I have to say that this thread is interesting but also quite upsetting in the way that all the over 50s are describing themselves by demonstration of their health, fitness and levels of activity eg I walk miles every day, do marathons, go skiing, etc

Thanks for posting this, you make some really interesting points. I think there is a pressure on Mumsnet to be (and I hate this phrase) living your best life whatever your age. Everyone seems to have gone (or have kids at) an RG university and have a career (except me!) and be on a well paid upward trajectory.

And usually when someone mentions they are 50+ they quickly add "but I look much younger" or "people are amazed when I tell them how old I am" as though it's a personal failure for women to look the age they are once they're over 30.

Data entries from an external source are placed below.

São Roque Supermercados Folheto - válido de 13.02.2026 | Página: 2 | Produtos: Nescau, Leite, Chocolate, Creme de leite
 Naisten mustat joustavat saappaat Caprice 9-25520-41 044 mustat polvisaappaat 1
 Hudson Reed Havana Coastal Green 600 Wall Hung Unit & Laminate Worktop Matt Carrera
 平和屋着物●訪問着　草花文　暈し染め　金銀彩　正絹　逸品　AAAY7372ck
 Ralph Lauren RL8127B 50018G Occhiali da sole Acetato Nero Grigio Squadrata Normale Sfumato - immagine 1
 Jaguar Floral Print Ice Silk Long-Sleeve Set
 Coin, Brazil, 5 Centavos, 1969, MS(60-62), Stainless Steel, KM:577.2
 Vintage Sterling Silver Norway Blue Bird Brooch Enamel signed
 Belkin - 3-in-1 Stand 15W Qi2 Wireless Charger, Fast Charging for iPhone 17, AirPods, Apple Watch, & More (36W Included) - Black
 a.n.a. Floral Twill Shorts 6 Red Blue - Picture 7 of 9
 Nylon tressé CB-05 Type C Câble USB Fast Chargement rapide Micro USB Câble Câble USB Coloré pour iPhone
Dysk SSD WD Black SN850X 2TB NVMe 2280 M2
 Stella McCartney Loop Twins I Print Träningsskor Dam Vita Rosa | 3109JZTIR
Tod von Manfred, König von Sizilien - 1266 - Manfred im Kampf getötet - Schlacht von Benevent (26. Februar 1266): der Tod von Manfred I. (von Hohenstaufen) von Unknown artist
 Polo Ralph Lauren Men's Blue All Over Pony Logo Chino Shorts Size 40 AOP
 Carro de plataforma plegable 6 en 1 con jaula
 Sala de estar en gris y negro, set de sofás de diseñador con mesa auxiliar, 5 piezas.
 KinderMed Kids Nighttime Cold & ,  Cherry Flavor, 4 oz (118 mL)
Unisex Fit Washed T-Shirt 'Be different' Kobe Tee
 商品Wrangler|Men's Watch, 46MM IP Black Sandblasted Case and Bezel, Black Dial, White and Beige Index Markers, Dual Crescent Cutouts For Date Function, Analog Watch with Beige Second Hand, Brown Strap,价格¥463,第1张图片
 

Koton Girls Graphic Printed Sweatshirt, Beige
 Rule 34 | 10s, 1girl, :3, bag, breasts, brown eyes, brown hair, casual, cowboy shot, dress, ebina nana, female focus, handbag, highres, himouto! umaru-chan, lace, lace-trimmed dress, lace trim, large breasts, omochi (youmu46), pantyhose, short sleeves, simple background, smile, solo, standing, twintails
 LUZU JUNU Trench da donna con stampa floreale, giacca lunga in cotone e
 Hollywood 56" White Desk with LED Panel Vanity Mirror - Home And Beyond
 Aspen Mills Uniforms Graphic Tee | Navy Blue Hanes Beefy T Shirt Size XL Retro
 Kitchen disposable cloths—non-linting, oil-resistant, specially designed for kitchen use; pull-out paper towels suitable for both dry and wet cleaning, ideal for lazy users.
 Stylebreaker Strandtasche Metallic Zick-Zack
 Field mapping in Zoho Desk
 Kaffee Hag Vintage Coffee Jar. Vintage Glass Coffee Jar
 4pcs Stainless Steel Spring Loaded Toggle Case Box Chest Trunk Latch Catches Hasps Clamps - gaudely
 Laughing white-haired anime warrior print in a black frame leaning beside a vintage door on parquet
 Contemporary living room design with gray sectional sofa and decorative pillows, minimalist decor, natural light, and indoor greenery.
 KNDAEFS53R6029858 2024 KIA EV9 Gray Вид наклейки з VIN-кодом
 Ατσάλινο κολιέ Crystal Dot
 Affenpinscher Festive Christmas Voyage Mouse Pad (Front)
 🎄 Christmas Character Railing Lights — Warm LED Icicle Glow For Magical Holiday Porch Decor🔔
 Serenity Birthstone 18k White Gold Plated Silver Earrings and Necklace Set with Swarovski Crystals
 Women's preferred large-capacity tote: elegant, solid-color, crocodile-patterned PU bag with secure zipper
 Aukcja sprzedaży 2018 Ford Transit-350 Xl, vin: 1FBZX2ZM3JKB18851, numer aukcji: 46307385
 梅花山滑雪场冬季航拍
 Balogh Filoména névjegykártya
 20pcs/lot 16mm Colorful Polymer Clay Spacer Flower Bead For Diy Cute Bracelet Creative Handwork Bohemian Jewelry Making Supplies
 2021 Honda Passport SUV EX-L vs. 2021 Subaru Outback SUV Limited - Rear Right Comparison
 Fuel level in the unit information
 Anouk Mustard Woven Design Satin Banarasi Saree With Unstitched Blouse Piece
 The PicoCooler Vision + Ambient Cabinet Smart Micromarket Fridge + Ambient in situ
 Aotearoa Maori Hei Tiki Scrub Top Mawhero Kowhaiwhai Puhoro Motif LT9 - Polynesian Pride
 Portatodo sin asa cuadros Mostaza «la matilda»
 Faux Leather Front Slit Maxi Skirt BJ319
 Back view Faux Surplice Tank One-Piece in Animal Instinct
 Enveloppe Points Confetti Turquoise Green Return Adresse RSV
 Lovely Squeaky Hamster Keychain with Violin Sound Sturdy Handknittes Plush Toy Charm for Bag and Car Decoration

What really matters IMHO is that we have a vital inner spark and engage with life in whatever way we can and if that involves watching The Indian Doctor, then make room for me and I'll share your Jaffa cakes Smile

OP posts:
Imissmoominmama · 09/10/2020 16:17

@Tollergirl- I understand. I was one of the people who said I’d completed the marathon. Last year I could hardly walk because of arthritis in my hip. I was dragging myself slowly on crutches. It’s easy to get carried away now my joint has been replaced and forget how debilitating the pain was. I have a friend who uses a mobility scooter- she is the most creative, artistic, funny person I know, and she sings like an angel. It’s not all about physical strength at all; we all have so much left to give to society. FlowersCakeBrew, and maybe a Wine for later?

Tollergirl · 09/10/2020 16:38

Thanks @Joisanofthedales, @LaureBerthaud and @Imissmoominmama - that's very kind. I thought I'd got a bit serious and put a "RIP in the chat" as my 14 yr old would say!!!

Didn't mean to get all serious but sometimes I feel there is very much an emphasis on the physical aspects of keeping young as though that's all there is to it. Hopefully a curious mind and the acquisition of wisdom is worth something too (typing that has reminded me of my dear departed MIL who was an epic wise old owl with a cracking sense of humour even though from the outside she looked like an "old lady" which sometimes seems to be unforgivable particularly on S&B. She was an enduring reminder that you shouldn't judge people by their appearance - don't worry I'll stop there before I get all inspirational FB quotey!

Unfortunately I'm not allowed a Wine due to medication but will have do have some alcohol free gin for a friday night (go me!!). I sometimes have a sherry (but only on my birthday or at Xmas) - don't want to disabuse my DC that I'm turning into Miss Marple (although she was wicked so I can live with that!)

LadyMacbethWasMisunderstood · 09/10/2020 16:49

I’m 54. Work full time. Main breadwinner. I have a 19 year old with some additional health needs who needs some support, a 16 year old just starting A levels and a 9 year old. I was astonished a few months back on a thread when many posters assumed if you were over 50 your active parenting was largely over with! I’m as needed as a parent now as much as ever. Probably more so. I also provide support for elderly, clinically vulnerable parents. I’m a bit overweight (but not obese and have no health issues). The idea that I should stay home for months on end during Covid would be laughable. As is the idea I’m some “old bag” (words I’ve seen used on here) waiting to shuffle off. Thanks for starting this thread.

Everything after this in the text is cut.